After the introduction of Eden Hazard and Willian, Norwich saw all of their hard work undone when a poor back-header was seized on by the Belgian, who squeezed the ball under England goalkeeper John Ruddy before the Brazilian midfielder cracked in a superb angled drive to finally put the result beyond doubt.
Mourinho said: "During the game I am not nervous. I have feelings. I smell things, and when that easy goal (from Ba) was missed, I had a smell that they would score a goal.
"That is why I had Eden warming up at 1-0 because I smelled that.
"We could have won or lost it at 1-1 because we, at that moment, didn't want a point.
"If they had scored a second goal, we would probably lose, but we are trying to be top.
"After a point at Spurs, a point here would have been a bad result for us, so we tried to win it."
Mourinho felt he had to do something to try to turn the game back in his side's favour, with Norwich dominating for long spells in the second half.
"They come on and they change the game, the manager did very well. If they come on and make it worse, it's a very bad decision by the manager. It is their responsibility," the Blues boss said.
"The situation had become difficult at 1-1. We all knew that a point here would be a bad result for us, but I think the team - not just the boys who came on - coped well with the pressure and, without totally losing the balance, we could gamble and risk a bit to try and bring something different to the game to see if Norwich could cope."
Mourinho acknowledged Norwich had pushed his side, using the strengths of a squad assembled at a fraction of the cost of his own.
"It was very British in the sense of the emotion," he said. "You could feel the crowd waiting for moments of emotion. They were winning a corner and the emotion was coming into the game.

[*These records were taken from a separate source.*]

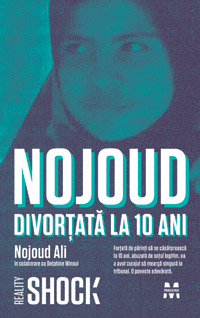 Nojoud, Divortata la 10 ani, Delphine Minoui, Editura Pandora M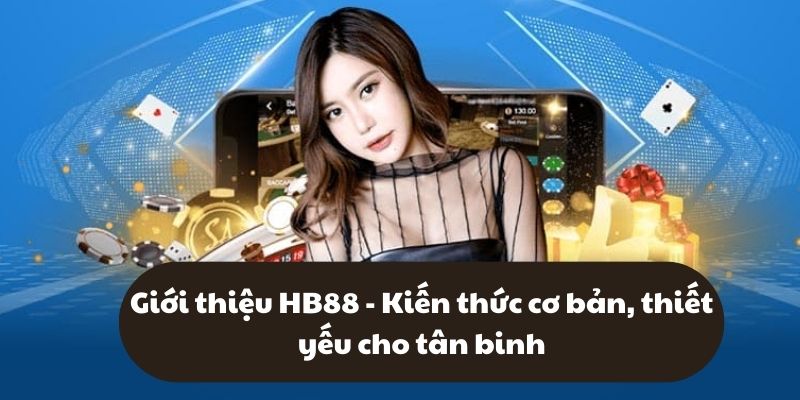 Giới thiệu HB88 - Kiến thức cơ bản, thiết yếu cho tân binh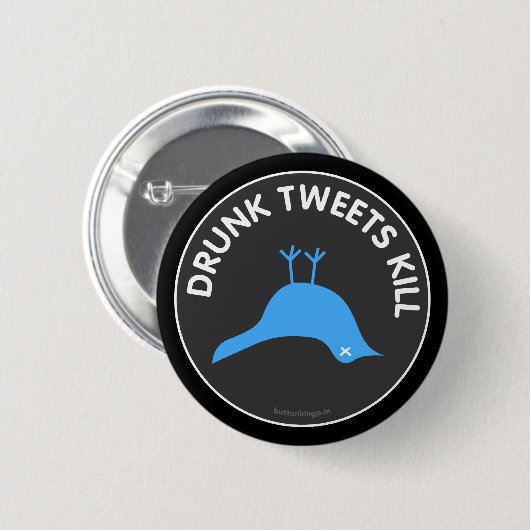 Drink Tweets Kill Button (Voorkant /achterkant)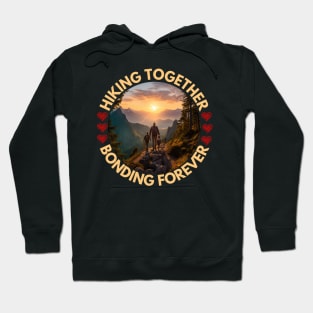 Hiking Together Bonding Forever Family Hiking Hoodie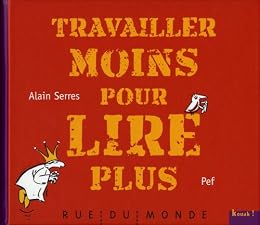 Travailler moins pour lire plus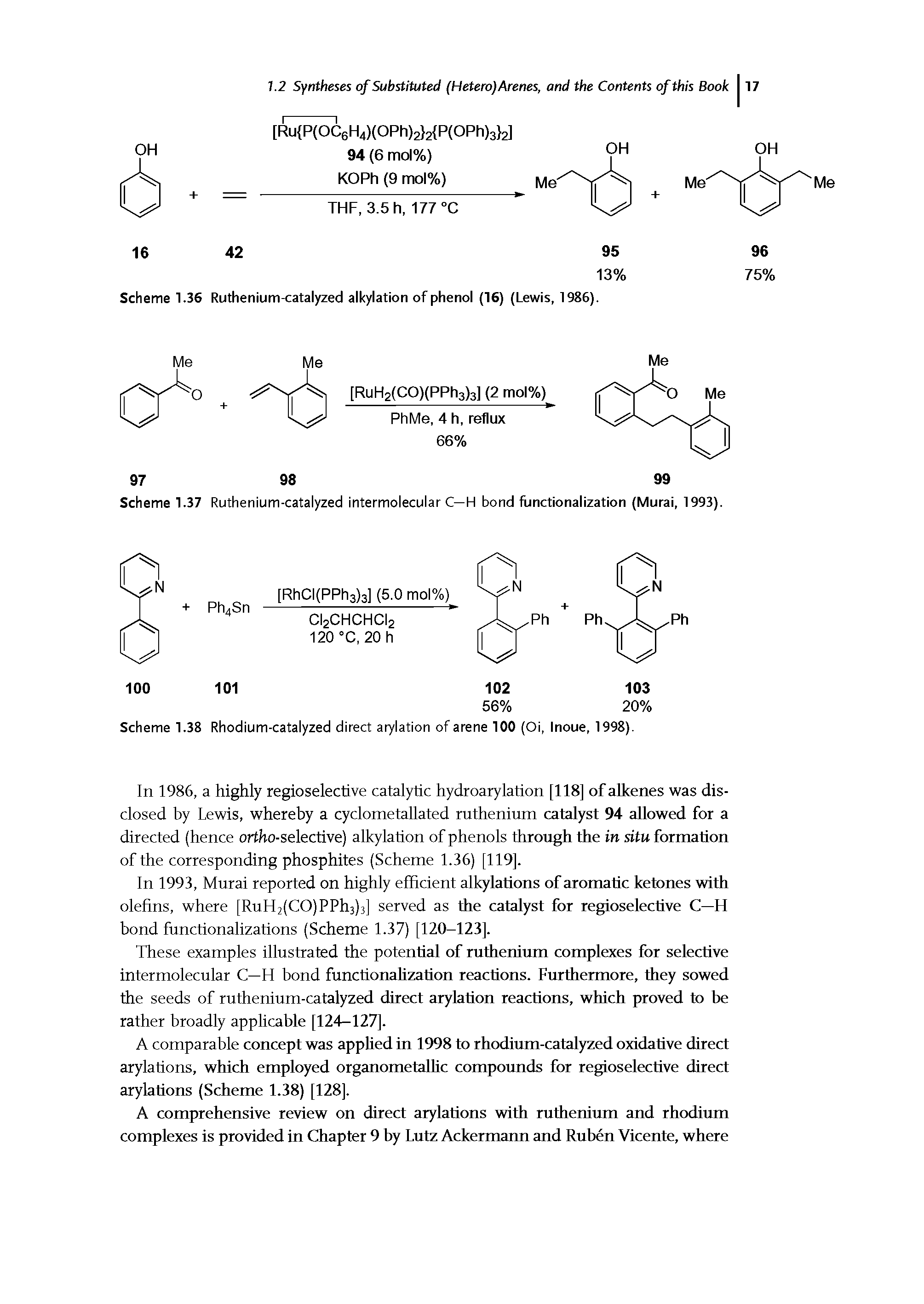 Scheme 1.38 Rhodium-catalyzed direct arylation of arene 100 (Oi, Inoue, 1998).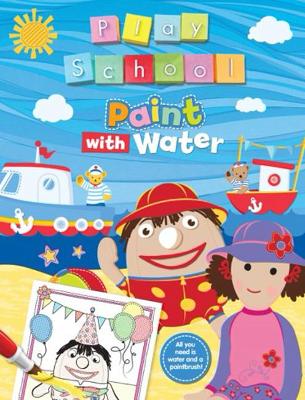 ABC Kids Play School: Paint with Water book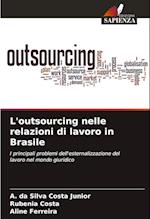 L'outsourcing nelle relazioni di lavoro in Brasile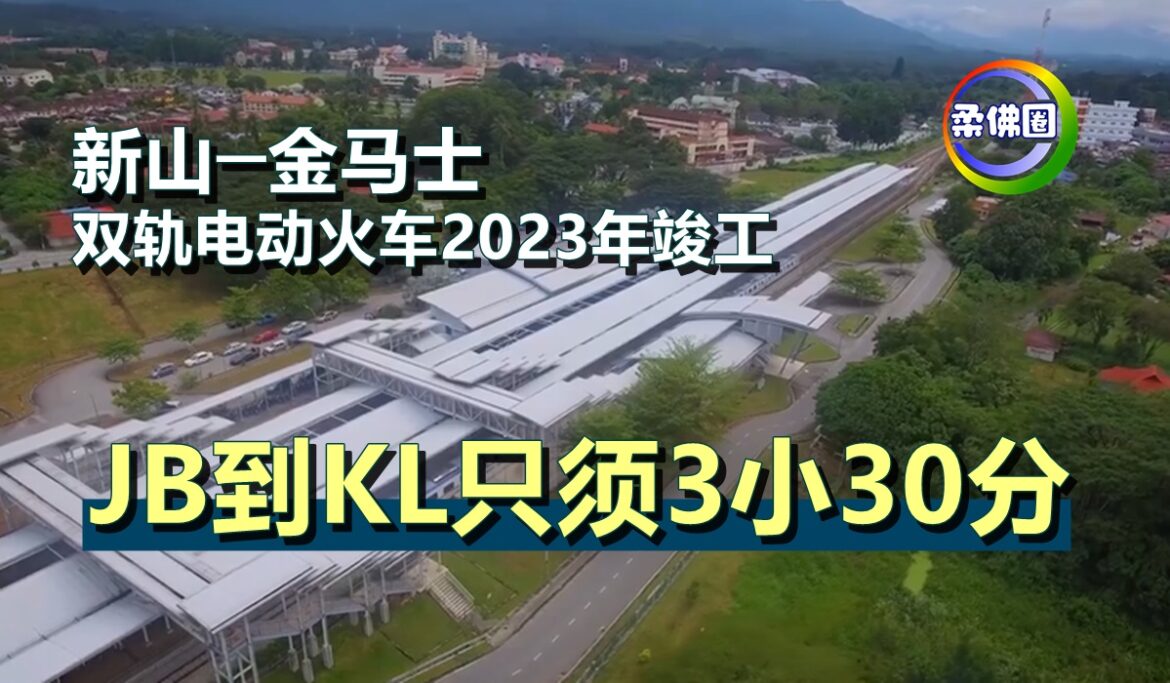 新山──金马士双轨电动火车2023年竣工   JB到KL只须3小30分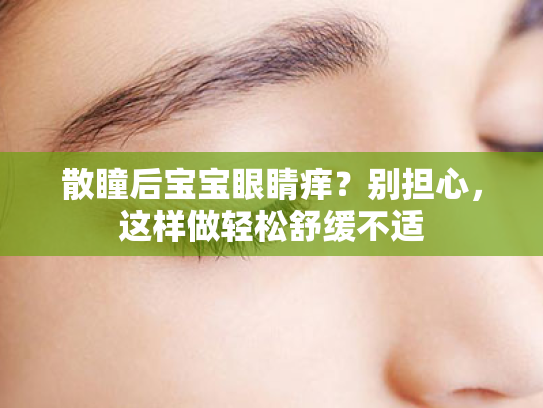 散瞳后宝宝眼睛痒?别担心,这样做轻松舒缓不适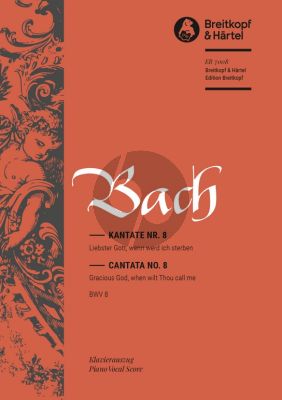 Bach Kantate BWV 8 - Liebster Gott, wenn werd ich sterben (Gracious God when wilt Thou call me) (Klavierauszug) (deutsch/englisch)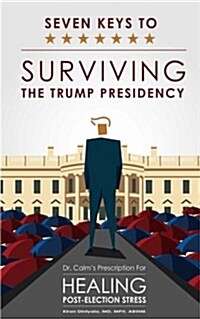Seven Keys to Surviving the Trump Presidency: Dr. Calms Prescription for Healing Post-Election Stress (Paperback)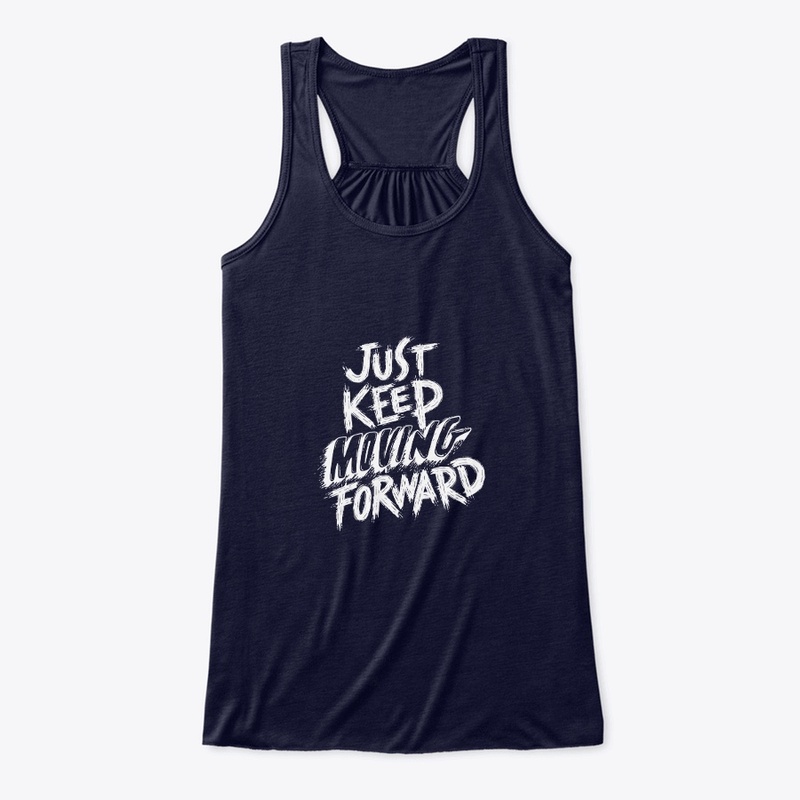 Just Keep Moving Forward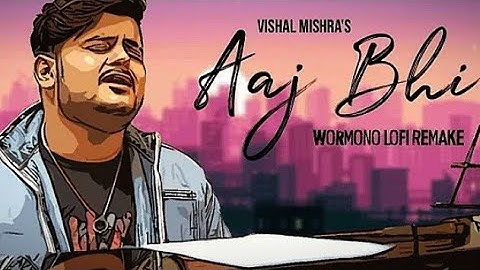 Vishal Mishra - Aaj Bhi (WORMONO LoFi Remake) Ali Fazal, Surbhi Jyoti | relax music hip hop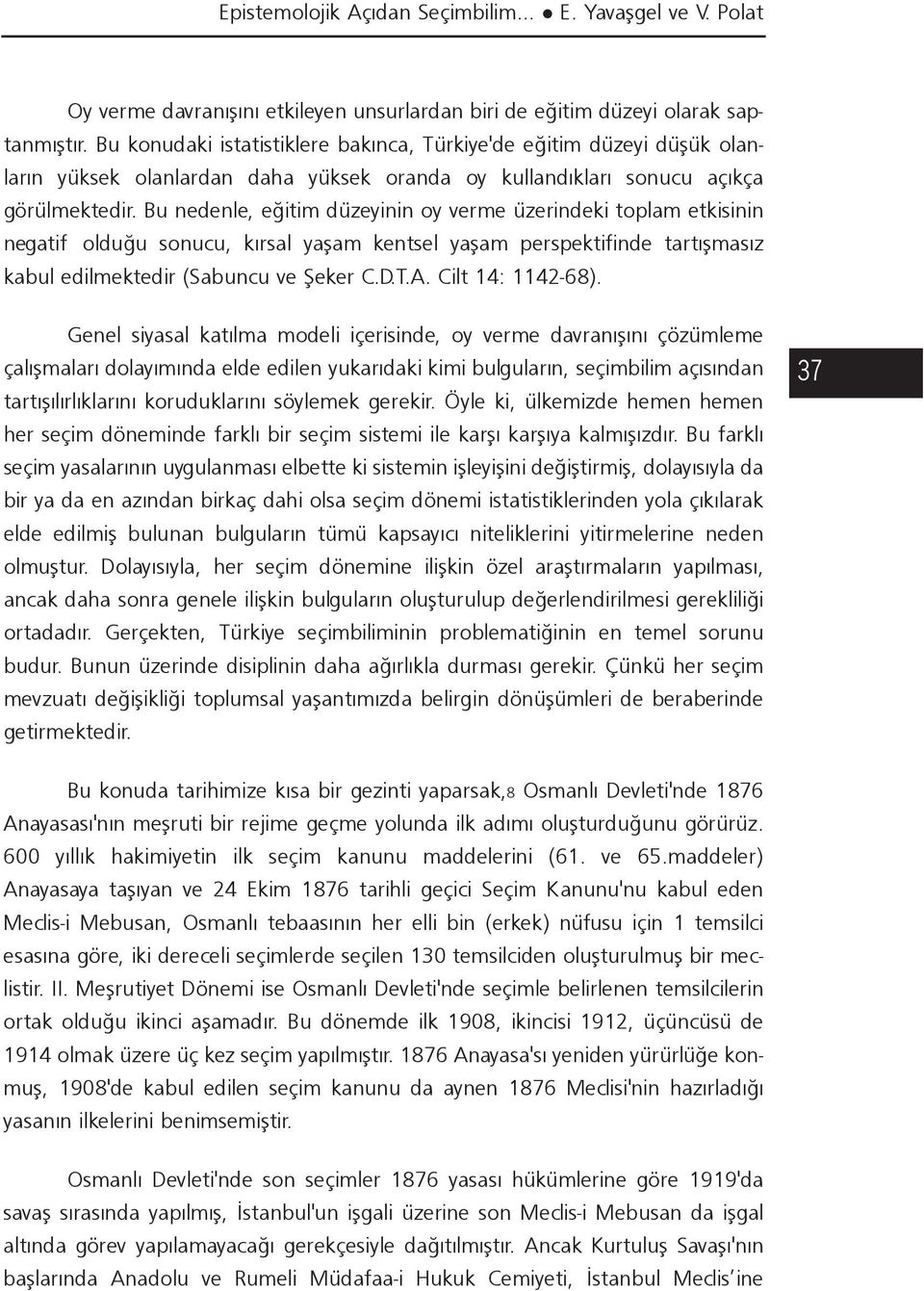Bu nedenle, eðitim düzeyinin oy verme üzerindeki toplam etkisinin negatif olduðu sonucu, kýrsal yaþam kentsel yaþam perspektifinde tartýþmasýz kabul edilmektedir (Sabuncu ve Þeker C.D.T.A.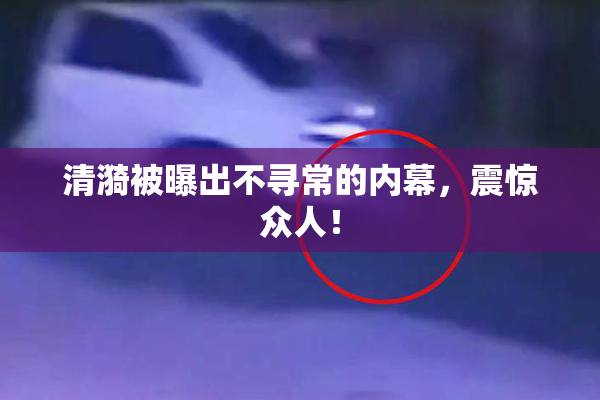 清漪被曝出不寻常的内幕，震惊众人！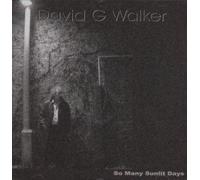 Walker David G - So Many Sunlit Days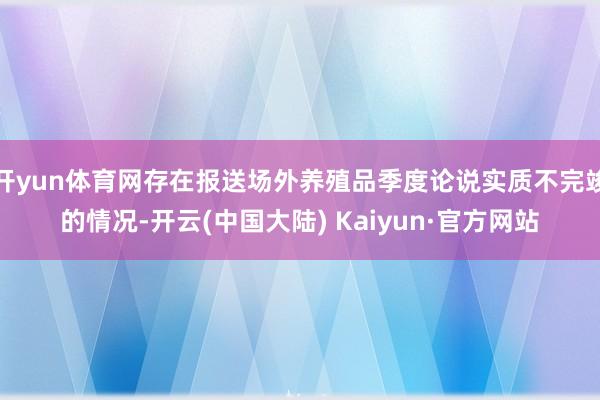 开yun体育网存在报送场外养殖品季度论说实质不完竣的情况-开云(中国大陆) Kaiyun·官方网站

They put a long ball in the box to (Ricky) van Wolfswinkel and the noise was pressing for the second man arriving in the box. It is their style adapted to the players' profile.
"They have this. I don't have, so I have to go with what I had. I had to put Eden and Willian, all three on, two quick strikers with Eden and (Samuel) Eto'o. We go with what we have."
Mourinho feels there is nothing wrong with playing to your strengths.
He added: "I think that if you try to play like other people do, and you have no players for that, you are very stupid.
"I won the league in Spain with 100 points and my team were not playing like Barcelona were. If you try to play like someone else does, you never reach their level.
"You have to try and be the best to the style of your players. That's very simple.
"When I say to (Branislav) Ivanovic: 'Don't make an early cross because (Didier) Drogba is not there,' I know what I'm saying. He'd be crossing for what? Why would you want to play like another team? Don't try to be clever because you'll become stupid."
Norwich manager Chris Hughton was disappointed his side were not able to close out the final 20 minutes to secure what would have been a hard-earned point at the least.
He said: "I generally felt, on the balance of play after conceding a poor goal so early and giving them that momentum, we couldn't have asked for any more effort and determination.
"It was their second goal which hurt us. It came from our corner and we were set up very well, but their power and pace on the counter-attack got the better of us, then at 2-1 it became very difficult for us.
"You have to hold your hand up sometimes: the strike for the third goal, they have that kind of quality."
Hughton felt his side should have been given a spot-kick when Pilkington was tripped by Ramires.
"Anthony gets to the ball first, and with Ramires' action, then he ends up going over. Generally that is a penalty, but it is disappointment.
"Still, the players put in a really good effort. Our supporters appreciated what they did and I felt we deserved to get more."